From the byways and music venues of Europe, Bayou Seco's Rolling Postcard 2006.

By Jeanie McLerie and Ken Keppeler

 

The Silver City musical duo Bayou Seco—aka Jeanie McLerie and Ken Keppeler—once again have taken off for a whirlwind European tour this summer, and we're delighted that they have also again favored us with their "rolling postcard" from their travels. Bayou Seco returns to the desert Southwest this month, playing their unique "chilegumbo" music August 10 at the Rio Grande Botanic Garden in Albuquerque, August 13 at Young Park in Las Cruces, Aug. 18 at the UU Fellowship Hall in Silver City and Aug. 24 at High Desert Brewing Company in Las Cruces. See the "40 Days and 40 Nights" events calendar for times and details.

 

La carte postale qui roule is once again rolling by. We started out this year's adventure on May 9 by driving from Silver City to Vermilion, SD, where we played at The Music Museum, an amazing and wonderful part of the University of South Dakota there. We also did concerts in Omaha and Ashland, Wisc., on Lake Superior, and at a festival in Lanesboro, Minn. We kind of went backwards in the weather pattern, leaving a parched and overly warm, for early May, New Mexico to go to a drizzly, cold upper Midwest. It was a feast for our eyes to see so much lushness.

Jeanie McLerie and Ken Keppeler take a break from
their European travels in a field of sunflowers.

We flew to Paris from Chicago in the third week of May and spent the month of June in England and Wales, where gas is indeed around $7.50 a gallon.
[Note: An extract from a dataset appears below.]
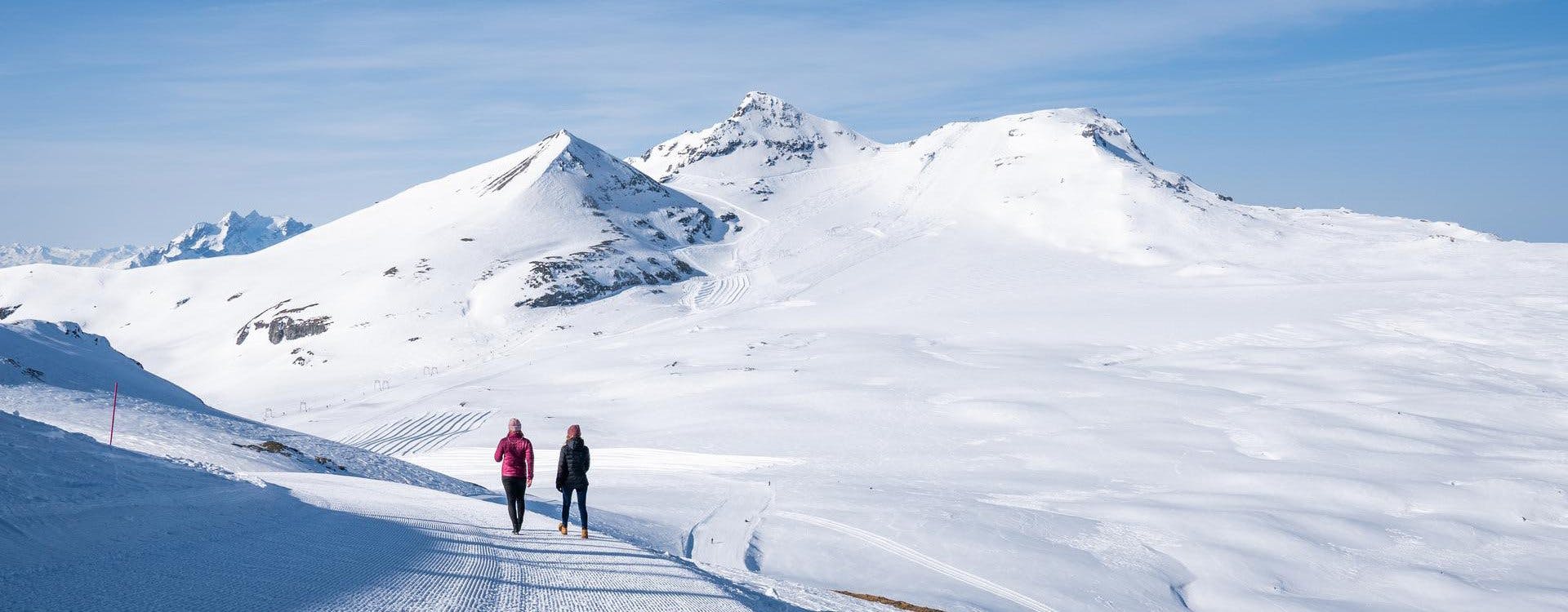 Two ladies walking through the mountains at Laax, Switzerland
We paid almost a pound a liter for diesel, and the pound is up to $1.84 at the moment. Filling the tank cost about 40 pounds, and that is like four CD sales. So we just didn't think about it.

It was gorgeous in England. Unbelievably green. There had been very little sun during the past five months and way too much rain, the reverse of New Mexico's weather pattern. So we have enjoyed amazing flowers, especially the roses: At a singing session one night, the table was graced with Lady Hillingden, Mme. Gregoire Staechlin, Buff Beauty, Ispahan and Peau de Neige. Ahh, what a delicate aroma. My fiddles sound good from being rehydrated. Ken thinks his sounds better in New Mexico, however.

We have played some interesting gigs. The first of 25 was in a very old town near Brighton in Sussex-Lewes. This folk club has been going steady since the early 1970s. It meets every Thursday night in a 500-year-old pub, in a function room upstairs, for 10 months of the year. The locals sing and play tunes to warm up the night. We do two 45-minute sets, lots of a capella songs, and it is all acoustic. No sound system to mess with. We LOVE this! The music we play predates the invention of electricity for the most part, and sounds best this way. The energy for the sound must come from within us, as opposed to coming from a mysterious wire in the wall somewhere.

The second gig was in south Wales in an ancient castle, which now houses the Atlantic College at St. Donat's, a sister school to the United World College in Las Vegas, NM. We talked to a student from Uganda who said that going to this college was a life-changing event. We gazed across the lawns at the Severn Estuary and over to Somerset as we played our concert.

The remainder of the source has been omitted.